Cyber and physical systems are increasingly interconnected. The prevalence of those connections is at the very core of the mission of the Cybersecurity and Critical Infrastructure Security Agency (CISA), which leads the national effort to protect both cybersecurity and physical infrastructure. CISA leaders describe it as a Venn diagram – where the merged area of cyber and physical systems only continues to grow.
“If we look back 10-15-20 years ago, our cyber systems and our physical systems were somewhat separate, and that overlap in the Venn Diagram was somewhat minimal,” said Nitin Natarajan, deputy director, CISA. “As we look at where we are today, and where we will be in the next three years, five years, ten years – I think that Venn diagram is going to continue to overlap even more.”
Some of the biggest threats to infrastructure today – from power grids to oil and gas pipelines – comes through cybersecurity attacks.
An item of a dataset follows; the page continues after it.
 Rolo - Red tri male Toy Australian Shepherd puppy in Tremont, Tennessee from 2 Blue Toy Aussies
With the Internet of Things creating increasingly interconnected networks of systems that include physical and cyber assets, it’s no longer as simple as dividing tasks between the kinetic and cyber.
Jermaine Roebuck, deputy associate director, CISA, describes how when he first started working for the Department of Homeland Security, tasks were typically divided between Federal Civilian Executive Branch Departments and Agencies, and another organization dealing with critical infrastructure.
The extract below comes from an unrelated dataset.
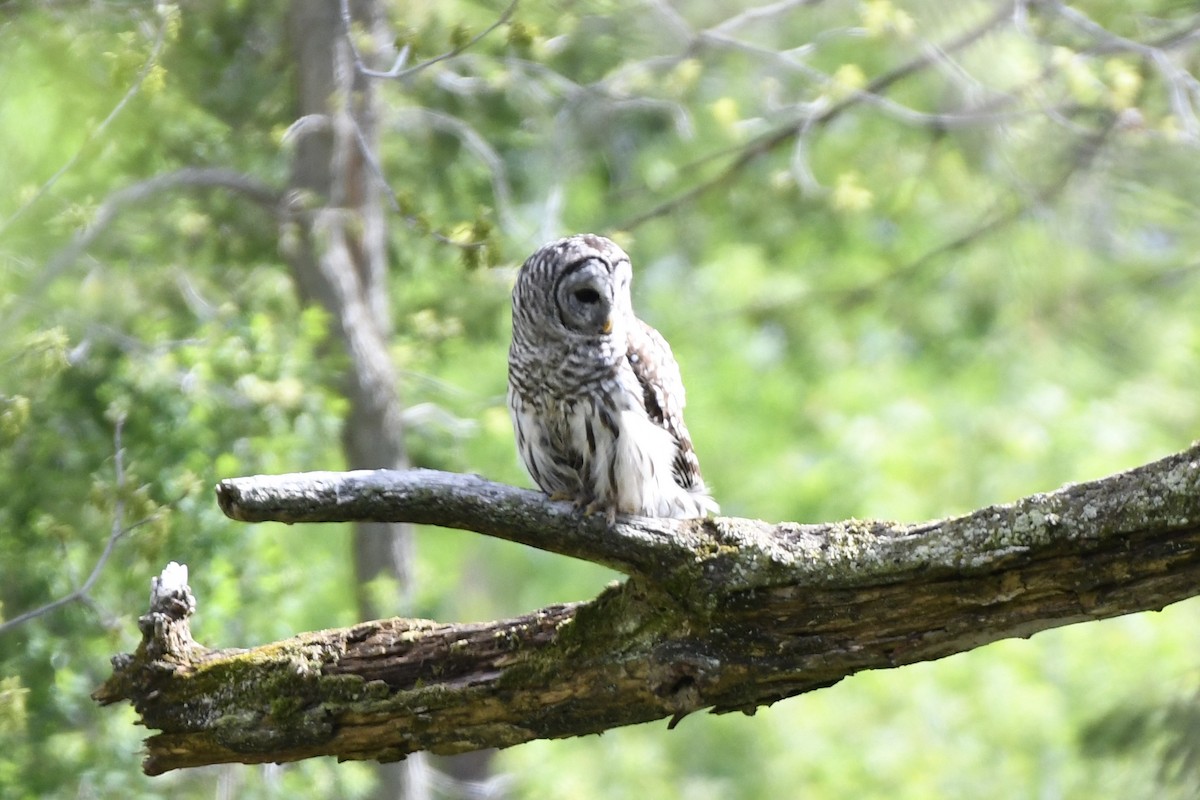 Barred Owl - Matthew Klemme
“Over the years we’ve basically merged both organizations,” said Roebuck. “I view it as a partnership. The only way we’re going to be successful in cyberspace, and in the defense of critical infrastructure is if we partner with those organizations.”
CISA works to develop holistic security strategies, helping both the government and private sector consider how to apply good security hygiene across both physical and cyber realms.
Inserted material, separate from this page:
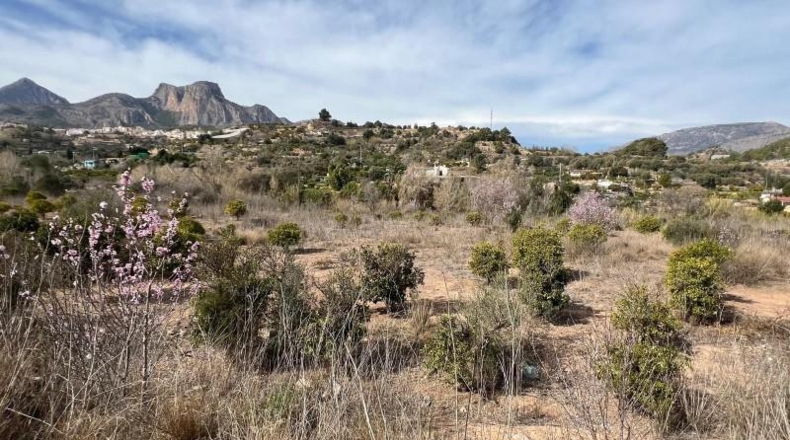 Alicante - la Nucia - 37000m2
“It really is looking at that interdependency, at looking at that crossover – the Venn diagram – where we can’t treat them as separate entities,” said Natarajan. He noted their teams work collaboratively. And as more people and organizations see how cyber and infrastructure protection affect them directly, they’re also more willing to work with others in different areas, and learn from individuals outside of their team or sector.
Automation, AI, interconnected systems – they’re blurred lines that tend to highlight vulnerabilities.
“I think we’re definitely up to the task, but it’s going to be fun task as we look to the next five to ten years,” said Natarajan.